Temperature of jade

Is jade cold to the touch? I read that in an Archie story once; granted Archie comics are not a reliable authority, I’m still curious.

I suppose it depends on the ambient temperature, but as it happens I used a pair of jade chopsticks at home last night and they did indeed feel cool when I picked them up. Providentially I happened to have looked at my thermostat not long before and it read 75F FWIW.

Bet you didn’t expect an answer that specific :slight_smile:

Imperial jade? Jadeite? Nephrite?

That I don’t know. They’re an heirloom from my wife’s side and I’m quite sure no one knows; her grandmother who purchased them in China is long gone.

Jade isn’t exempt from the laws of thermodynamics. It will equalize to the temperature of the room that it is in, just like literally every other substance that isn’t radioactive or undergoing exothermic or endothermic chemical reactions.

This site says one test for phony jade is if it’s cool to the touch.

HVAC guy checking in… Making popcorn and pulling up a lawnchair.

So. When buying a couch the salesman heard me saying to my (now ex) wife that I didn’t want leather since it’s cold in the winter and hot in the summer. He used that same argument. But just like my marble kitchen table, I understand it’s the same temperature, but it feels colder. Which is what the OP asked. If it’s 70 in your house and your body is nearly 100, some things will draw that heat out of your body much faster than others. Sitting on an upholstered, overstuffed, rocking chair, not so much. Leather a bit more. Put your arms on a slab of marble and it’ll feel cool to the touch even though it’s the same temperature as the chair.

That’s what this is about, things that feel cooler feel that way because they draw heat out of your body faster than other things. I assume there’s a technical word, more specific than thermal mass or thermal conductivity for this, but it seems it’s similar to windchill. It’s the same temperature, but it feels colder.

Here is a table with some figures by “Dr. Donald Hoover of the U.S. Geological Survey,” but, as always, I would verify them with a second source before relying on them for anything important.

Now I want jade chopsticks

Marry into the right family is my advice.

I think the operative property here is heat capacity … when this is high, it takes more energy per degree in temperature … in our situation, this means the object takes longer to heat up to body temperature than what we would expect … giving the sense that it is “cold to the touch” … try this at home, put a rock in the freezer overnight and tomorrow morning mama will yell at Billy again for putting stupid things in the freezer …

The link I gave suggests that it is rather the thermal effusivity/thermal inertia that determines the temperature at the contact surface between two bodies.
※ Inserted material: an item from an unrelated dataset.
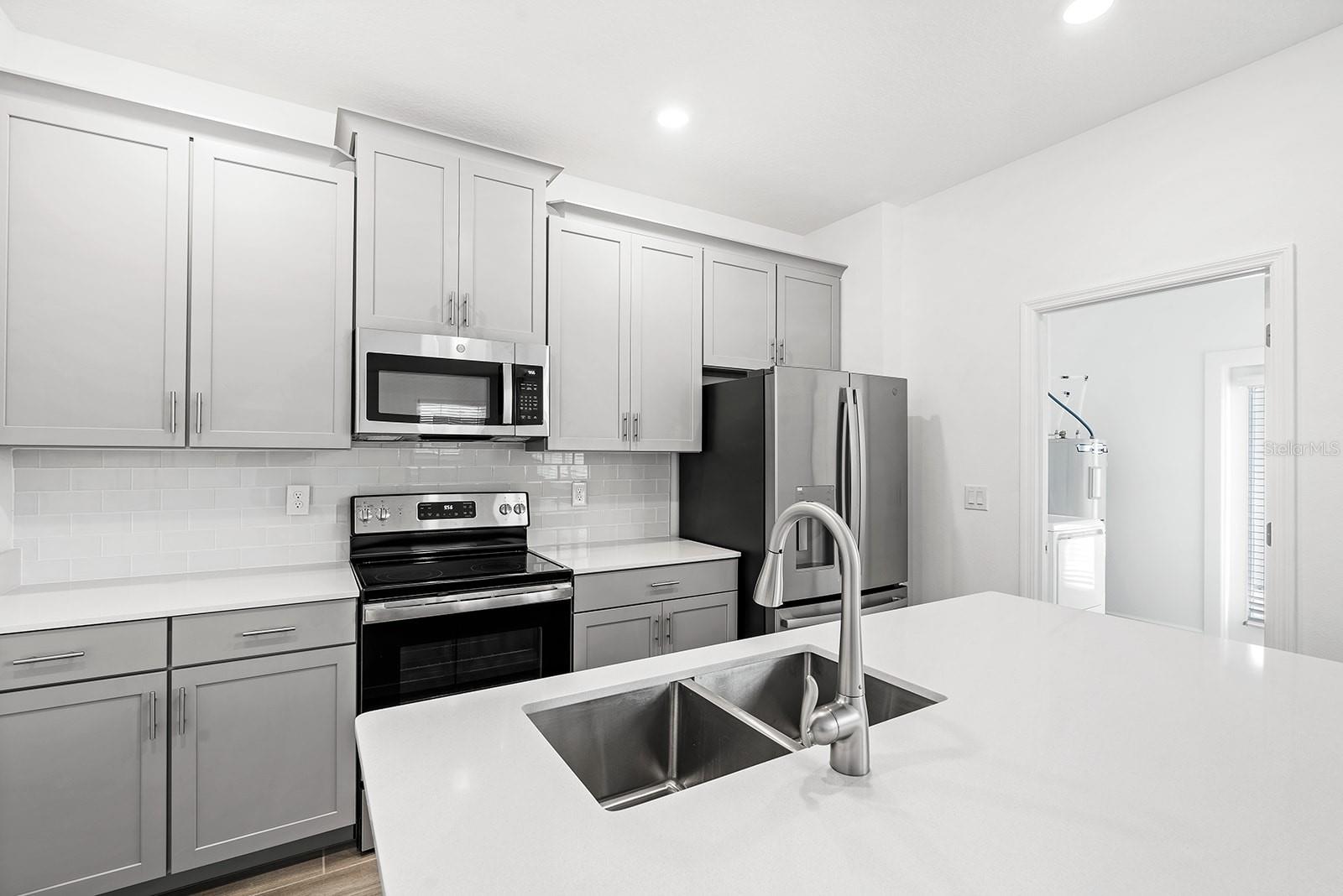 3039 Ella Way Property Photo 12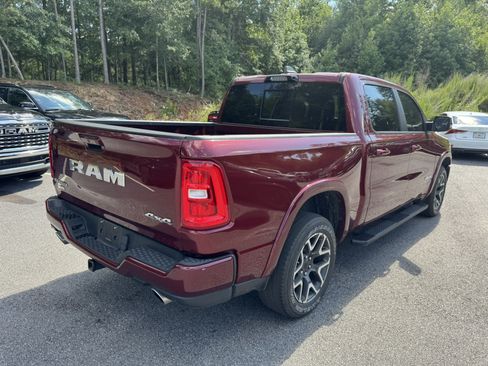 Used 2025 RAM 1500 Laramie w/ Sport Appearance Package AWD/4WD image 5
Assuming the jade is at a room temperature which is colder than your skin temperature, the greater its thermal inertia, the cooler it will feel. According to the table, the value for jade is low compared to diamond or metal, but high compared to, say, glass.
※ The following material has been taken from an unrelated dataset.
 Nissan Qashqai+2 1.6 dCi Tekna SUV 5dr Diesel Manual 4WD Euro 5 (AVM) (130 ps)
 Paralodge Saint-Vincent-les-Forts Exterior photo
Yeah, it’s the thermal effusivity. But the conductivity component of effusivity does not matter much once it is much more conductive than flesh, and metals generally are. And the heat capacity component doesn’t matter much, either, because solids never get much higher than a couple million joules per cubic meter kelvin. Maybe they get to four million or so. It’s not like you’re going to find something a hundred or a thousand times higher.

Thank you for correcting me … and thanks for the Wiki link, DPRK, that particular article is thin on specifics, but the links from there were all quite interesting … so, effusivity is proportional to the root of capacity? …

I used to make jewelry with semiprecious stones, and I still collect them. A decent test for just about any stone (semiprecious or not) is to touch it or pick it up: stone feels cold and heavy, plastic feels room temperature and light, and glass is somewhere in-between in both categories. This won’t work on porous stones like sandstone or some jaspers, but should work fine for all variants of jade.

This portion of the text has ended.